I recently upgraded both to Snow Leopard and to Scrivener 2. Now when I open Scrivener (and, automatically, the two projects I’m working on), something accesses my external hard drive, which dramatically slows Scrivener’s opening, because the external hard drive needs to wake from sleep then search for whatever it is. Both of my projects, however, are located on my Macbook’s internal hard drive. Any tips on how to keep Scrivener from looking (or whatever it’s doing) on my external hard drive?

Are you sure it is only Scrivener that does this? Macs have long had a problem with spinning up drives for activity that shouldn’t otherwise require their accessibility. Starting applications, saving documents, opening documents, closing applications, even sometimes just browsing on sites with a heavy use of Flash. It’s exceptionally annoying if you have a disc in the optical drive as that has such a long spin up time.

You could check a few settings in Scrivener’s preferences. In General the scratch pad location is set, and the Backup tab for the automatic backup location. If either of those are pointing at the drive, it might help to change them to the internal drive. I suspect that normal Mac applications like Scrivener that invoke Finder activity when they start up can cause this because they attach themselves to the /Volumes directory, and so perhaps at that point OS X feels compelled to refresh /Volumes which is where devices are mounted to the filesystem.

You could also try disabling “Put the hard disk(s) to sleep when possible” in the System Preferences : Energy Saver panel. This is a sensible thing to do anyway. Modern drives are extremely power efficient (we’re talking a few dollars a year, if that, to keep it spinning instead of idling on and off) and it can really reduce the lifespan of the drive to have it ramping up and down multiple times a day; that’s a very stressful operation to the mechanism. This may not work; it depends on the external drive. Some do not respect the setting at all, and on newer versions of OS X, that setting only changes the idle to three hours instead of completely disabling it. But it’s worth a shot. It works for my externals, especially the time machine one since that gets hit once an hour anyway.

Just to add that there is no code in Scrivener that looks for hard drives or anything like it on opening or at any other time. My guess is that it is just OS X gathering data and firing up unnecessary drives, as Ioa said, although it’s strange that it would do that given that all of the paths Scrivener accesses - unless you have backups or the scratch pad set to your external drive - are local. (My own external drive is untouched while Scrivener or any other program opens, but that’s on Lion and I don’t have backups pointing to it.)

All the best,
Keith

It’s a BSD/unix thing that you are hitting.

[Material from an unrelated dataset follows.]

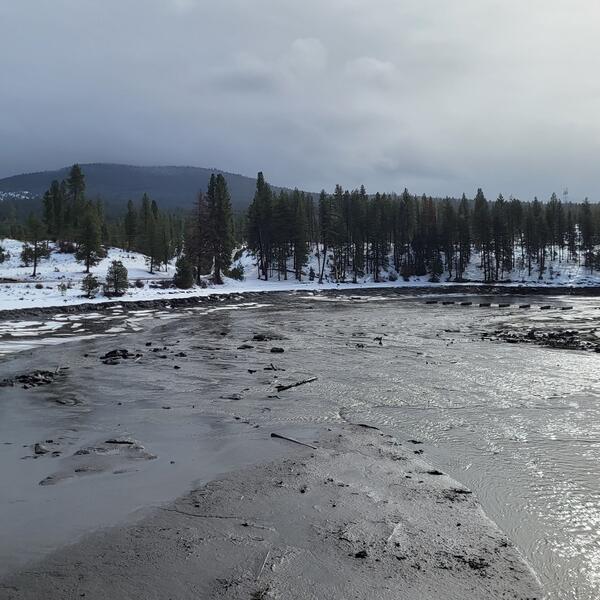 Klamath River flows through snow covered hills with sparse pine trees. Cloudy cold day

The short answer is take Ioa’s (AmberV) advice and turn off disk sleep.

The long answer is that the underlying call to the kernel to get FS path issues a read request to all mounted filesystems to validate partition tables and blah blah blah blah. No one really wants to hear this so I will stop now.

Thanks for the quick replies. I’ll give turning off disk sleep a shot. Nothing in Scrivener is pointing to the external drive (not notes, backups, or the projects themselves), and I haven’t noticed the drive spinning up on any other apps, but I’ll keep an eye out for it.

And Jaysen’s technobabble gave me a chuckle.